Financial measures to address ageing promote inequality and weaken the budget. Patrick Doheny/Flickr

So far there have been three Intergenerational Reports by Treasury examining the challenges of an ageing population which have consistently been used to justify new policies to address a potential ageing ‘crisis’.

Yet, the evidence of a problem is minimal, and often the measures proposed increase inequality and weaken the budget.

In last year’s budget, the Labor Government announced changes to the aged pension to gradually increase the age at which people will be eligible from 65 to 67. Similar moves in Europe caused riots. In Australia, it was barely noticed. The government has also proposed increasing compulsory superannuation contribution rates from 9% to 12%.

Together these measures seek to shift the balance of retirement policy from public pensions to private savings.

For policy theorists this presents a number of contradictions.

There is little evidence that population ageing will hurt the budget, while measures to support private savings tend to exaggerate inequality and penalise those that provide care for free – particularly women.

The ageing ‘problem’

Much of social policy is aimed at the old. Aged pensions are a large component of social security receipts, and the aged are high users of some public services, like health and aged care.

Overseas, this is generating some fiscal pressures as public spending increases with the age of the population.

But in Australia, the evidence is far less clear. High migration and relatively high fertility rates mean population ageing is much less advanced, and will occur much more gradually, than in Europe or Japan. Public pensions are also less generous than overseas.
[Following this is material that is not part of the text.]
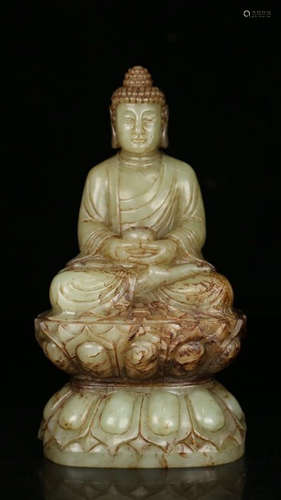 HETIAN JADE CARVED PHARMACIST STATUE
Part of the difficulty is modelling the potential impacts. Treasury generally only provides estimates up to four years in advance. Even these are frequently corrected by significant degrees. In contrast, the Intergenerational Reports look 40 years into the future.

It is true that the reports predict a deficit in the future. However, much of this is unrelated to ageing. The biggest growth in spending is in health, and most of this is related to technology, not demographics.
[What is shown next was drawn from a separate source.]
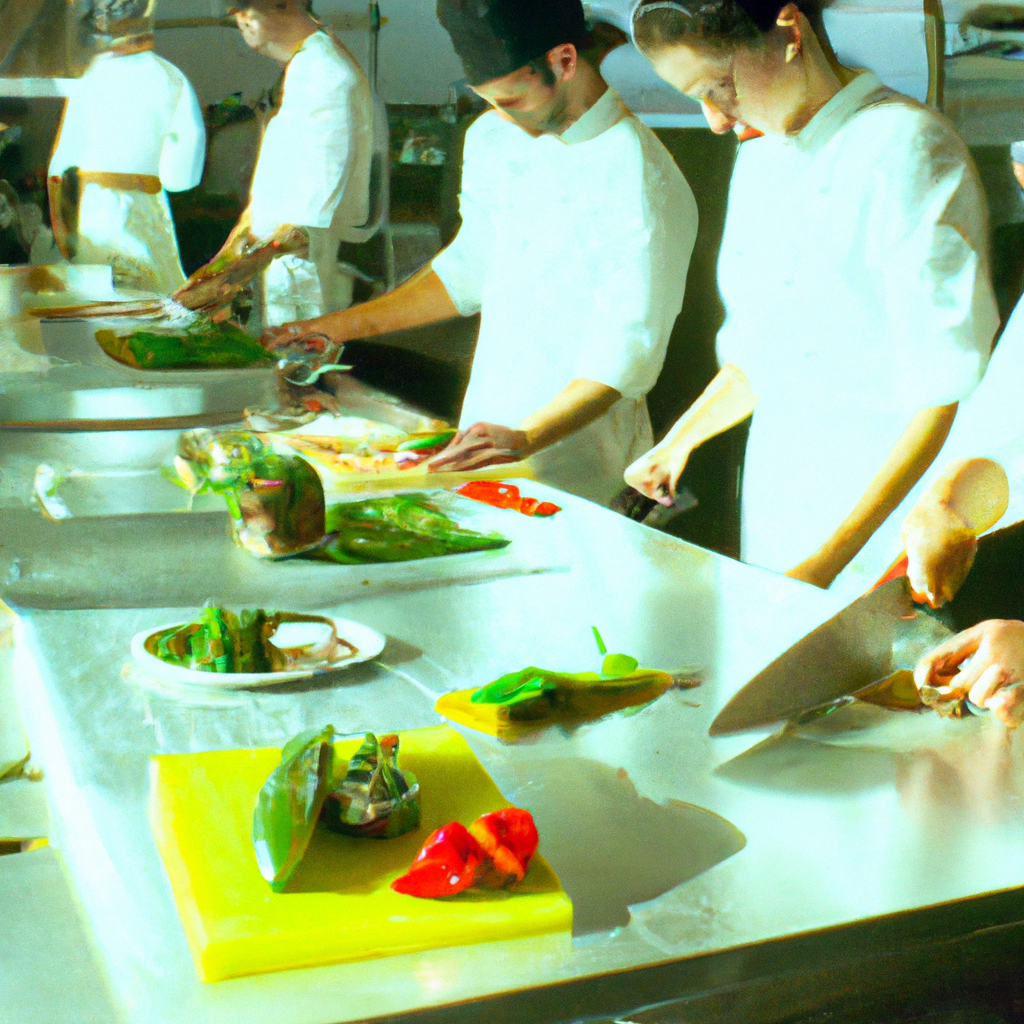 Culinary students practicing knife skills in a modern sunlit kitchen with stainless steel workstations and fresh vegetables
The estimates themselves have also changed considerably since the first report in 2002. Back then the deficit was predicted to reach close to 5% of GDP by 2040. The most recent report in 2010 revised this down to less than 2%.

The first age-related deficit is still as far away today (16 years) as it was when the first report was released.

It appears the Treasury has a systematic conservative bias. That may not be a bad thing in the short term, but over long time horizons it can suggest crises that do not really exist.

Given the imprecision of the estimates, the current figures do not suggest any evidence that there will ever be any deficit due to population ageing.

Even if we are less concerned with fiscal impacts, we may be concerned with ensuring adequate retirement incomes for our population.

Low incomes earners and super

This is another reason given for changes to superannuation. Advocates argue that low income earners and women simply do not have enough savings.

The problem with this argument is that super is a uniquely poor policy vehicle to address these problems.

Compulsory super generates savings that are proportionate to income – currently 9%, proposed to be 12%. So the largest benefits go to those on the highest incomes.

This is reinforced by the way we tax super. Super is taxed at a concessional rate – meaning those on high and low incomes pay the same tax rate. This is a significant benefit for those on high incomes. Those on the top marginal tax rate gain, on average, $11,000 each year in tax concessions on their compulsory super contributions alone.

But for anyone earning less than $35,000 a year, which includes full time workers on the minimum wage and many part-time workers, there is no benefit. They pay the same tax as they would if they received the income now. The Government is proposing to give them a little more, but still much less than what those earning more now receive.

That is particularly troubling because saving tends to have a higher cost for those with little income. Super could be used to pay down expensive credit card debt, save for a house deposit or pay for school uniforms.

Instead, low income workers are forced to save in funds whose historic performance is little better than the inflation rate, for a time in the future when, for many low income people, their standard of living will increase even without super savings.

Elliott Brown/Flickr

Women, saving and inequality

Likewise, super does little to help women. Currently men reaching retirement have on average twice the super of women of the same age. Even taking all workers together, women have only two-thirds the savings of men.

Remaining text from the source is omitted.